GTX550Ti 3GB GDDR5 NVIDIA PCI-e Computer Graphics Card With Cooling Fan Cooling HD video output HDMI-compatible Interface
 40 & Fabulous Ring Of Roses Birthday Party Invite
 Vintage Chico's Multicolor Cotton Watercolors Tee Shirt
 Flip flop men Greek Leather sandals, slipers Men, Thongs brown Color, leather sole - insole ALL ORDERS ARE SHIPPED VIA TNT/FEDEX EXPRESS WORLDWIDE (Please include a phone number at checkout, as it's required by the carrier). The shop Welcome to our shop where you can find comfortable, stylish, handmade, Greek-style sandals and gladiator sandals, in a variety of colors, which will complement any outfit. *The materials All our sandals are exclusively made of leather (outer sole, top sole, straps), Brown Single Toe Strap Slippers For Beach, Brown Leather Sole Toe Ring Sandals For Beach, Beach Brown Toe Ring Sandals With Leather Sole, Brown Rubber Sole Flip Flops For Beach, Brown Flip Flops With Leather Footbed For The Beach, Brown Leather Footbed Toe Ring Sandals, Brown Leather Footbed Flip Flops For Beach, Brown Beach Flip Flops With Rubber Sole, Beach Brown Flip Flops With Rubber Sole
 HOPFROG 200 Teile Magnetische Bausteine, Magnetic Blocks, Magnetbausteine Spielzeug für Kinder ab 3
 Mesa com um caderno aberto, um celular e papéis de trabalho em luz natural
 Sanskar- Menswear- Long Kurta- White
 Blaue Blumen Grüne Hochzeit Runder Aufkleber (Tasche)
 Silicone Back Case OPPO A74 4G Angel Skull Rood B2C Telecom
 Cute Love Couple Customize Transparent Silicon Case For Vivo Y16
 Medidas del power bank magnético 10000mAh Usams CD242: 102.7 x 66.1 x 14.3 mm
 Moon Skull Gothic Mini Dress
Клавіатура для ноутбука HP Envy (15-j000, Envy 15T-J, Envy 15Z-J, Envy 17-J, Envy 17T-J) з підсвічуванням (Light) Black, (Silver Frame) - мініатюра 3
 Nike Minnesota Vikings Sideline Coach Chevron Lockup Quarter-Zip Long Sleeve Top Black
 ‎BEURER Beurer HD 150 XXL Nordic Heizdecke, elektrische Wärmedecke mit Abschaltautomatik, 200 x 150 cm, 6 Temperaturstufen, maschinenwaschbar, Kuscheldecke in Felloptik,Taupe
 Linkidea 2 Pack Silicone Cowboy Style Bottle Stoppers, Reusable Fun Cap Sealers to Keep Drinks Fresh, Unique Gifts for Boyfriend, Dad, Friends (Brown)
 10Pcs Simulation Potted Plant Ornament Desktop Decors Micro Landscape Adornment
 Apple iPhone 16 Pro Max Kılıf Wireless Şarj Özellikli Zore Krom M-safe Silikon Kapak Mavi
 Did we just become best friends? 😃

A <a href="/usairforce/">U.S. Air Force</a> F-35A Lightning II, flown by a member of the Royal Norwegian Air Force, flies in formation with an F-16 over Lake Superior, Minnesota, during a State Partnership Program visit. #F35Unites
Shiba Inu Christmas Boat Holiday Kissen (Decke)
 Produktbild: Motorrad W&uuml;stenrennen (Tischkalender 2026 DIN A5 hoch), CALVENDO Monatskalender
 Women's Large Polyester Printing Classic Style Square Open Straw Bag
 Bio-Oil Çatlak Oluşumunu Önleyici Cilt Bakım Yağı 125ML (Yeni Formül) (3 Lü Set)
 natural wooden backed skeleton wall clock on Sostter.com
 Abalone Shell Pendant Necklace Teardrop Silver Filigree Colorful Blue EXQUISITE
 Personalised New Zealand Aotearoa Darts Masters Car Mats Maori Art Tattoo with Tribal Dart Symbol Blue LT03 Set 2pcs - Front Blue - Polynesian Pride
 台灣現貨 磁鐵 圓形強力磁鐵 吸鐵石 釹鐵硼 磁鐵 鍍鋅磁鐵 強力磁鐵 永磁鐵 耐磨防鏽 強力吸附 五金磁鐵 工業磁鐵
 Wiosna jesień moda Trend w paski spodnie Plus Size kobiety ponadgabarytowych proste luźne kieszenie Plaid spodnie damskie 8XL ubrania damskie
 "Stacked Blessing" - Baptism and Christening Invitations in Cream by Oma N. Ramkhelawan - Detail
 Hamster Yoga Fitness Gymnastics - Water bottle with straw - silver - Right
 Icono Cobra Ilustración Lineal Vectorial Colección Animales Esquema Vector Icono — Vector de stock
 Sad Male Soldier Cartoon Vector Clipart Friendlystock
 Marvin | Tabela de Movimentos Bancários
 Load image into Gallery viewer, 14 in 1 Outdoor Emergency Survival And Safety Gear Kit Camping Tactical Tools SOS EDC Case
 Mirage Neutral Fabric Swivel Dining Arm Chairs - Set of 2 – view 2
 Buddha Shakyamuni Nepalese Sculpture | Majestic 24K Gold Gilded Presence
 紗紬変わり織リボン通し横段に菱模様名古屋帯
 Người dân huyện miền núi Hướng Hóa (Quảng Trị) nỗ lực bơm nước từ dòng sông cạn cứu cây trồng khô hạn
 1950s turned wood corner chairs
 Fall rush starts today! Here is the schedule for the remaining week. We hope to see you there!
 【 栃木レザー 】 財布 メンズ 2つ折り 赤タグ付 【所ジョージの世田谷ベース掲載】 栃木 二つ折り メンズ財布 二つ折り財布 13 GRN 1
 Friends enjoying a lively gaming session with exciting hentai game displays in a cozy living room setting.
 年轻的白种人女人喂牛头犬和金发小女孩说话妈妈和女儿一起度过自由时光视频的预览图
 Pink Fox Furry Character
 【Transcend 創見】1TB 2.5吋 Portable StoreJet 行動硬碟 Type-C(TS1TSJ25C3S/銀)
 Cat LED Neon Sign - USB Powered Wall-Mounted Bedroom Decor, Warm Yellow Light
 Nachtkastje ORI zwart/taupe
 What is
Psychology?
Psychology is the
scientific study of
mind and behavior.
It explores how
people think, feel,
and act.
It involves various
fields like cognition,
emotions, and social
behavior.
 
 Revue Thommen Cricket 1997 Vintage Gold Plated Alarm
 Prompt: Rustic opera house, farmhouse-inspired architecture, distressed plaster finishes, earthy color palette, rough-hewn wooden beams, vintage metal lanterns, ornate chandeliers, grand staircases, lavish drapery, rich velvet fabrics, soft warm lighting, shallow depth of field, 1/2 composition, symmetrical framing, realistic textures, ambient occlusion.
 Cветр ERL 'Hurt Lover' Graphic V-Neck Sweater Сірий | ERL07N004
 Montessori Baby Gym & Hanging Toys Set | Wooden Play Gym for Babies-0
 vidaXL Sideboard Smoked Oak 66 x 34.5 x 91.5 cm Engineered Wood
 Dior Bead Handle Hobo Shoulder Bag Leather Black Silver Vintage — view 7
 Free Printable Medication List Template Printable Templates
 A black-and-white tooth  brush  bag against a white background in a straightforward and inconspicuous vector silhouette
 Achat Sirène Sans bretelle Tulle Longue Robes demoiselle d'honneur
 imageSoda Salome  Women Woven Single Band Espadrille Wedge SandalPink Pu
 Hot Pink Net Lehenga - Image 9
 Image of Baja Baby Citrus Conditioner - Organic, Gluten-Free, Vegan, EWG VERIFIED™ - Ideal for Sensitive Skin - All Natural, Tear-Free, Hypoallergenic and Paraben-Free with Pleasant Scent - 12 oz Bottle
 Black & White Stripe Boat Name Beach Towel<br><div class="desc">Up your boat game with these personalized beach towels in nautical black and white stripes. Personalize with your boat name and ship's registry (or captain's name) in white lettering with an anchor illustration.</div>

» PROBLEM DESCRIPTION
Tally the lines in the records above that contain the word "Minnesota", and give only that number.

» EXPECTED ANSWER
2